Karena itu, diperlukan pembaharuan dan perbaikan konten Perjanjian Bilateral agar secara efektif mampu melindungi dan memenuhi hak-hak buruh migran kita, khususnya yang bekerja di sektor informal. Juga bagaimana membangun kerjasama dalam pengiriman buruh migram kita agar memberikan manfaat maksimal bagi kedua negara. Dengan perjanjian yang mengikat kedua negara, moratorium bisa dibuka lagi dengan mekanisme perlindungan dan pemenuhan hak-hak asasi manusia (HAM) yang lebih baik.

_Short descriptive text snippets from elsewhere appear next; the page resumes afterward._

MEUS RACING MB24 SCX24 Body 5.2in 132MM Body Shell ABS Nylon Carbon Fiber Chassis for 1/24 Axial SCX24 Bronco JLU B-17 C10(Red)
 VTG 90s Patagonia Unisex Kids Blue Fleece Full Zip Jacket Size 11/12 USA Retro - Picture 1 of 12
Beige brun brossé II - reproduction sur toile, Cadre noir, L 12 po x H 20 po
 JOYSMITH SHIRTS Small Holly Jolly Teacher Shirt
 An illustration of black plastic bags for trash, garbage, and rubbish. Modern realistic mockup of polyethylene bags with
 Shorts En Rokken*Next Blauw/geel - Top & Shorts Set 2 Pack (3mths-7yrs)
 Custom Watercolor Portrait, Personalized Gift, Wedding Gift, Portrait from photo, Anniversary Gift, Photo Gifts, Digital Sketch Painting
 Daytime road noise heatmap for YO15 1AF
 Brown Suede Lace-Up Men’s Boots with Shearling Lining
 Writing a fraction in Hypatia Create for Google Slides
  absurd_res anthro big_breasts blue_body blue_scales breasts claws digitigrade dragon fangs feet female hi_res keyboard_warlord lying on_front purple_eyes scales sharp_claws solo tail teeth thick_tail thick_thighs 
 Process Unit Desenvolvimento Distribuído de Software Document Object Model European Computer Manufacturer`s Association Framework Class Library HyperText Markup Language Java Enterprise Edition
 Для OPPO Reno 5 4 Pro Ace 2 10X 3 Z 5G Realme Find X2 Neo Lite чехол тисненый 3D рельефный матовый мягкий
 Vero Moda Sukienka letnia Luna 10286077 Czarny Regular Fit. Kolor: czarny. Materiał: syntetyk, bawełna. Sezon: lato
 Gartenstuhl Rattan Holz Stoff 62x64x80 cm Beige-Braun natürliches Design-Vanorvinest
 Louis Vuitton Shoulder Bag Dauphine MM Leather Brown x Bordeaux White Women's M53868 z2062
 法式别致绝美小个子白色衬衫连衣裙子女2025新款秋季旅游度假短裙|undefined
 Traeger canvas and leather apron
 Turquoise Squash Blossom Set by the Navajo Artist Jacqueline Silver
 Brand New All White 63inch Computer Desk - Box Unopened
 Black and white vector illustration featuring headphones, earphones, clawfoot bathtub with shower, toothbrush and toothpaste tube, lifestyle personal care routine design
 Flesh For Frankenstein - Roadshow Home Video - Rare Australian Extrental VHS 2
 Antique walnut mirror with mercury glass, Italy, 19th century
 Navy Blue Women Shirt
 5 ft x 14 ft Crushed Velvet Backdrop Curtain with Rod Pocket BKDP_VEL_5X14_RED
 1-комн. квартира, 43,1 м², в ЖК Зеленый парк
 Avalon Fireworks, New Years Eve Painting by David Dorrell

Di samping itu, wajib juga dibicarakan tentang solusi atas ancaman hukuman mati yang dihadapi oleh sekitar 36 buruh migran kita di Arab Saudi yang di antaranya dituduh melakukan pembunuhan. Padahal, diduga tidak sedikit di antara buruh migran kita yang “terpaksa” membunuh majikannya karena membela diri dan tidak sedikit dari mereka yang menjadi korban perdagangan manusia (trafficking).
Jika kunjungan Raja Salman ini tidak membahas hal di atas, makna kunjungan menjadi kurang bermakna karena hal yang terkait dengan pemenuhan dan perlindungan hak dasar manusia, yaitu hak-hak buruh migran, telah diabaikan demi kepentingan ekonomi semata.